First: I’m happy that there is so much interest in these statistics. I can’t emphasize enough that this is all “seat-of-the-pants” numbers that I believe to be reasonably accurate.

Second: There’s been another second wind of apps appearing. Later this week I hope to write a few posts about the apps themselves, instead of just throwing out app counts for once. In the mean time, let’s just say that the last couple of days have been very kind to Windows 8 users.

According to my calculations today, there are now 2,452 Windows Store apps available globally, with 1,741 of them available in the US.

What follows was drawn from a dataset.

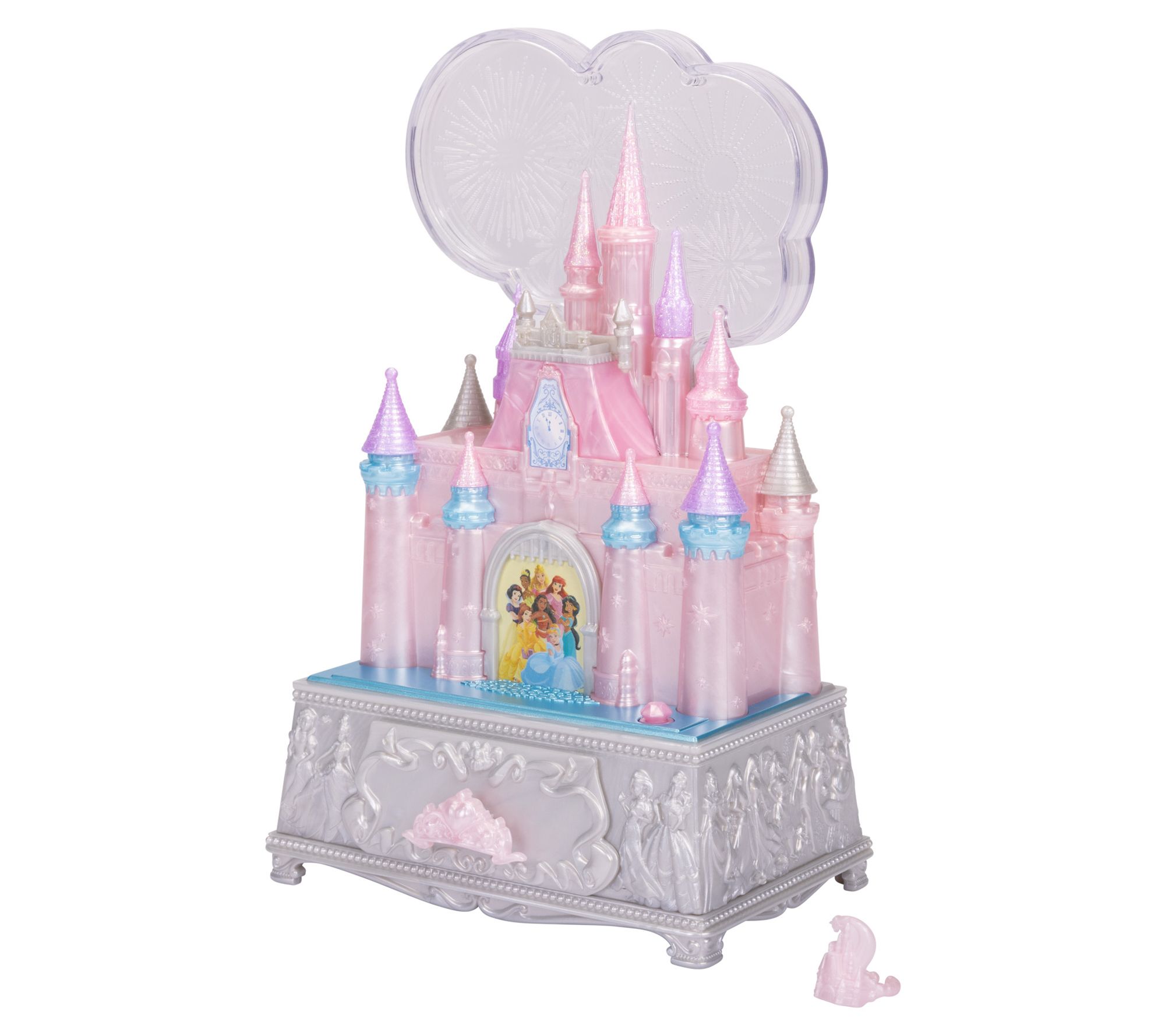 As Is Disney Princess Castle Musical Light UpJewelry Box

Back to the “seat-of-the-pants” aspect. As I rewrote some code I discovered a bug in how I was calculating free apps internationally (outside of the US English store). Because of that, the percentage is up. Not dramatically, not fatally, but up. Today the number of free apps is 2,122 globally, meaning ~86% of apps are free. I’m looking to post more granular updates of the US store in particular, and will hopefully start updating the stats around it (including categories) in more detail. In a nutshell, I believe that the percentage of apps that are free outside of the US may be higher than it is inside the US. Further calculations in time may reveal more info here.

Finally, I’m introducing a stat that I believe will be interesting, which is how the ARM app count stacks up to the count of x86 and x64 (which are effectively at parity). By calculating
ARM/average(x86/x64) I have a general percentage of apps that are available for Windows RT but are for Windows 8. Today that percentage is 93%.